WHAT THIS TASK INVOLVES :: Below this line are records; write out exactly the lines from the one containing "Lacoste cotton longsleeve top green L1312" through the one containing "Compagnon de voyage", with the pictures left out.

── EXTRACTED INFORMATION ──

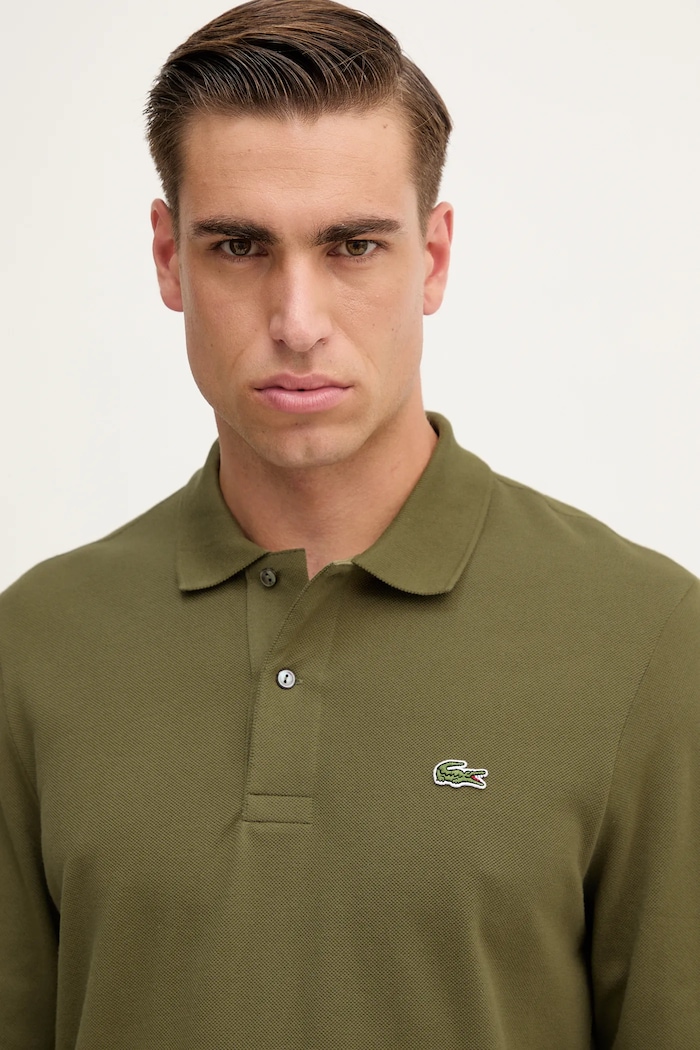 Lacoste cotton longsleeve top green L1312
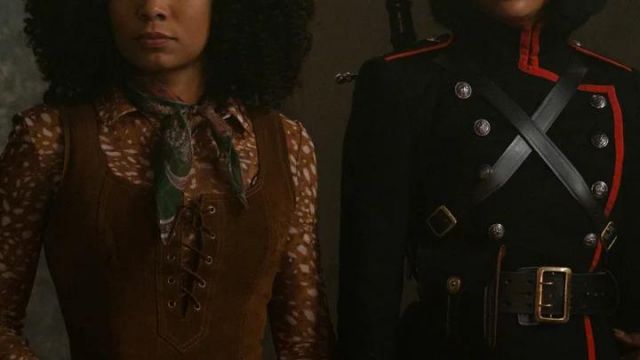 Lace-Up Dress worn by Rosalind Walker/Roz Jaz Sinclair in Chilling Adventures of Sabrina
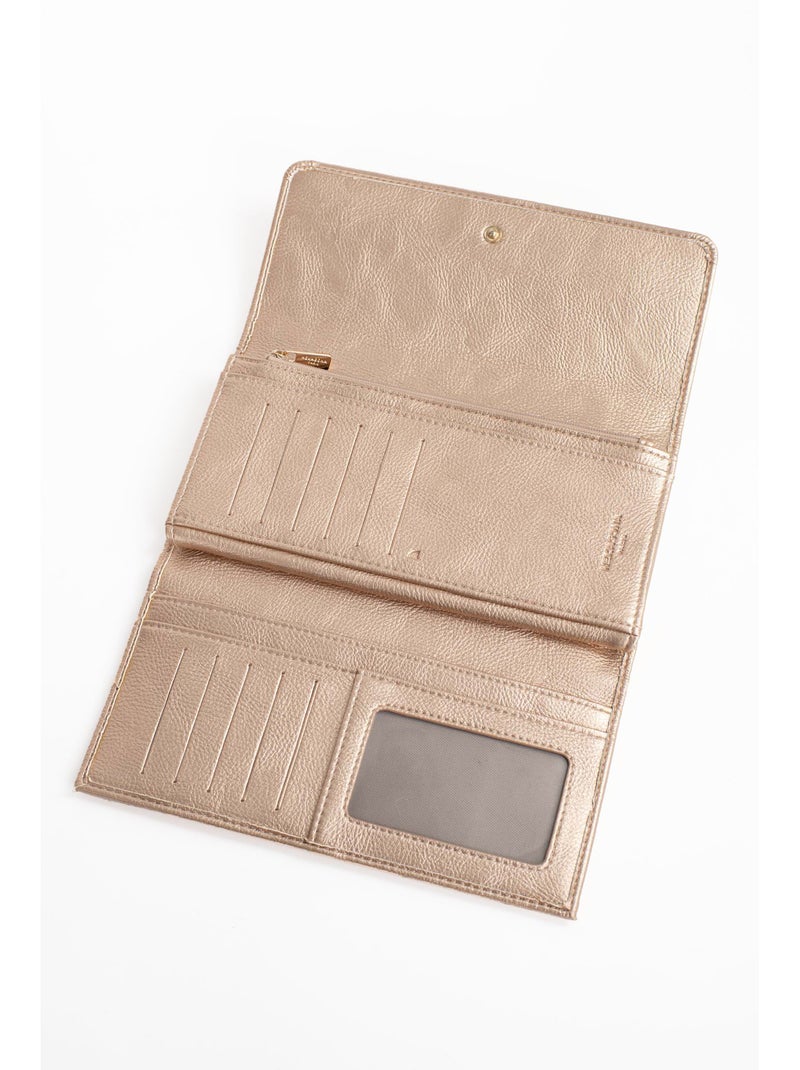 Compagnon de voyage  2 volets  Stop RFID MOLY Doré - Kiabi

───
── EXTRACTED INFORMATION ──

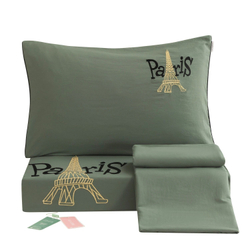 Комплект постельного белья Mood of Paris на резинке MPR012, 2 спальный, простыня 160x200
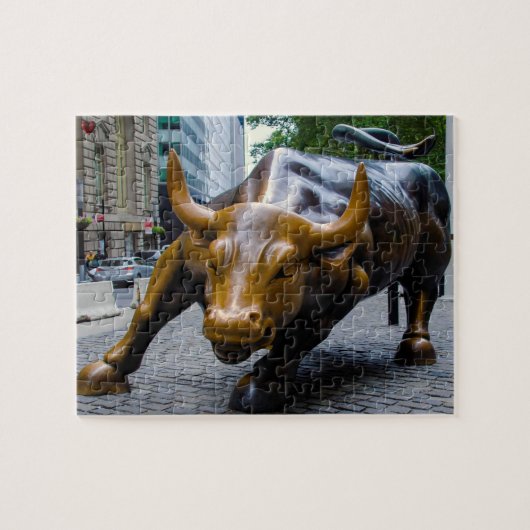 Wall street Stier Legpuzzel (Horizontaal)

───

RESULT OF THE EXERCISE ::
 Lacoste cotton longsleeve top green L1312
 Lace-Up Dress worn by Rosalind Walker/Roz Jaz Sinclair in Chilling Adventures of Sabrina
 Compagnon de voyage  2 volets  Stop RFID MOLY Doré - Kiabi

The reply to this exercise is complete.